-- INPUT DATA follows --
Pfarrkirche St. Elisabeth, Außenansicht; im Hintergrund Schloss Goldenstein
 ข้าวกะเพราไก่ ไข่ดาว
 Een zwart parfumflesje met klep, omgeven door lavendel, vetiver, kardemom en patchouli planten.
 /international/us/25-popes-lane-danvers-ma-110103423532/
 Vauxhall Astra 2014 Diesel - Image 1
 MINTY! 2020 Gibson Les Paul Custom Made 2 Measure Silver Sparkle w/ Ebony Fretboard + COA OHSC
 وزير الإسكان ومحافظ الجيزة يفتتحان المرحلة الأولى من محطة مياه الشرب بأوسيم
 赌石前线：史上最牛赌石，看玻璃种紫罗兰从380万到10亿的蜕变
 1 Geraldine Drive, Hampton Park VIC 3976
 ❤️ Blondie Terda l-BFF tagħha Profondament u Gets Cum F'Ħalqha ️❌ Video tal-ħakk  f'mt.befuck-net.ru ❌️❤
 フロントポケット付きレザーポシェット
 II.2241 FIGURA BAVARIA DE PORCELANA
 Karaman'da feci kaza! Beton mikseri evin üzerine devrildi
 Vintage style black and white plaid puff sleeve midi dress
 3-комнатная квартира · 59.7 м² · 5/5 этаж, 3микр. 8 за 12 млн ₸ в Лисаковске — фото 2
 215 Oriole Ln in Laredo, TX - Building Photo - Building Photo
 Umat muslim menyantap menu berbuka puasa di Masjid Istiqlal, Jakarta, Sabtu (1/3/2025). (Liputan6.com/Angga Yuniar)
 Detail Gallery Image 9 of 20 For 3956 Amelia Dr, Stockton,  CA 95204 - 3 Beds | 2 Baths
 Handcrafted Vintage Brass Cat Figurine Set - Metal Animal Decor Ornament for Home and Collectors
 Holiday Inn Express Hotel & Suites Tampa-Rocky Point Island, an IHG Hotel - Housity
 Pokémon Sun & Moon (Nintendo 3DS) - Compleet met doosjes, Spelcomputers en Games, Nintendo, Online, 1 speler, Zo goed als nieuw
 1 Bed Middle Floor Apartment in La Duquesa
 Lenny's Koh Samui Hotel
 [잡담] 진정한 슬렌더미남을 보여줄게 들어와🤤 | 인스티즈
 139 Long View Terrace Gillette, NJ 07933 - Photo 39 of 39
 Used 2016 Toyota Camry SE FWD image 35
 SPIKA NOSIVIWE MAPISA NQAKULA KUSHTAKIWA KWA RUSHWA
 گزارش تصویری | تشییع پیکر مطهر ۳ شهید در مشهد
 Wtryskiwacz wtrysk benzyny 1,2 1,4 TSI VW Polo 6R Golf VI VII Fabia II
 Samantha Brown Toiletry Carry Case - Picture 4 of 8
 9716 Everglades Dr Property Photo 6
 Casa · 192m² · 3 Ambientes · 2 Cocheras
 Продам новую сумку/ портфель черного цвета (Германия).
-- INPUT DATA concluded --
* AIM OF THE TASK *
From the line that holds "Wtryskiwacz wtrysk benzyny" to the last line of the records above, print each line exactly. Add nothing else.

* ANSWER TO THIS TASK *
 Wtryskiwacz wtrysk benzyny 1,2 1,4 TSI VW Polo 6R Golf VI VII Fabia II
 Samantha Brown Toiletry Carry Case - Picture 4 of 8
 9716 Everglades Dr Property Photo 6
 Casa · 192m² · 3 Ambientes · 2 Cocheras
 Продам новую сумку/ портфель черного цвета (Германия).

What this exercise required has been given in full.